Decreased diffusion develops because of a widened alveolar septum, widened alveolar epithelium, and as a consequence, increased distance between the alveolar and the epithelial membranes.
Decreased Compliance
The alveolar capillary injury with rampant acute inflammation and accumulation of proteinaceous edema fluid in the alveolar spaces results in very stiff, noncompliant lungs. In the early stages of ARDS, pulmonary edema also contributes. As the syndrome progresses, however, fibrosis develops, and compliance may decrease even in the absence of pulmonary edema or active inflammation. Fibrosis will be discussed more fully later.

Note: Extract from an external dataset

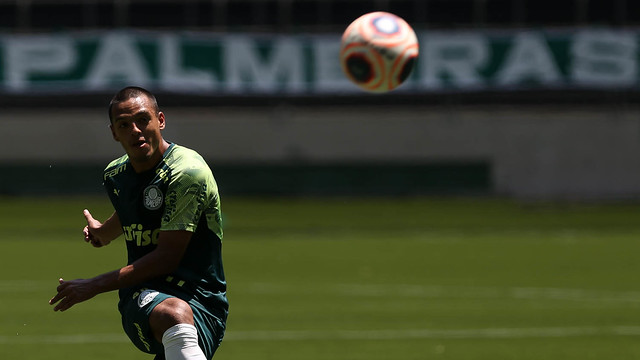 16 de março: Gabriel Menino renovou com o Palmeiras. Em sua primeira temporada no profissional, o volante de 19 anos recebeu aumento e assinou até o fim de 2024.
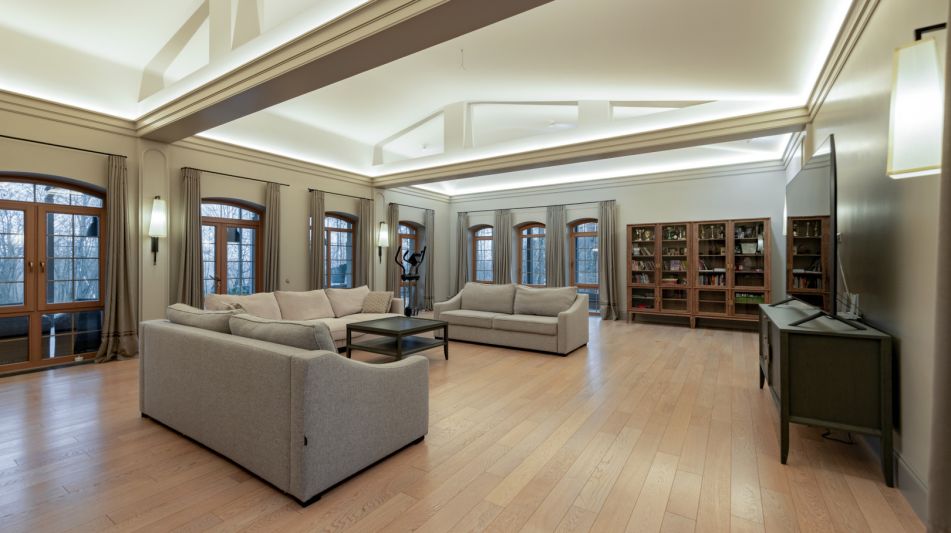 Дом с теннисным котом в СНТ Пламя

Dead Space/Pulmonary Hypertension
The development of PH is common in ARDS and contributes to pulmonary insufficiency by increasing dead space ventilation and hypercarbia. In the era preceding lung protective ventilation, 61% of ARDS patients had evidence of cor pulmonale by transthoracic echocardiography, and nearly all patients had elevated pulmonary artery pressures by pulmonary artery catheter measurement.
Early on in ARDS, PH develops due to hypoxic pulmonary vasoconstriction, VTE, and edema. Edema contributes to PH by compressing vessels, thus increasing resistance. Local production of vasoconstrictors, such as endothelin-1 and thromboxane a 2 , has also been implicated. ARDS also leads to subacute arterial, venous, and lymphatic remodeling, with intima being replaced by collagen and fibrin. This process decreases the cross section of the lumen and contributes to PH. As ARDS progresses, fibrous replacement of the microcirculation is seen, and increased muscularization of arterioles develops. As a result, PH worsens and pathologic changes become more pronounced. In addition, both microthrombi and macrothrombi are common during ARDS and have been reported to be present in 95% and 86%, respectively, of autopsy specimens. It is unclear if these thrombi result from local coagulation abnormalities or embolic phenomena. Regardless, they lead to further vascular remodeling and worsening PH.
The resulting PH causes right ventricular dysfunction and thus reduced cardiac output (CO). The development of cor pulmonale and decreased CO leads to end organ hypoperfusion and further hypoxia.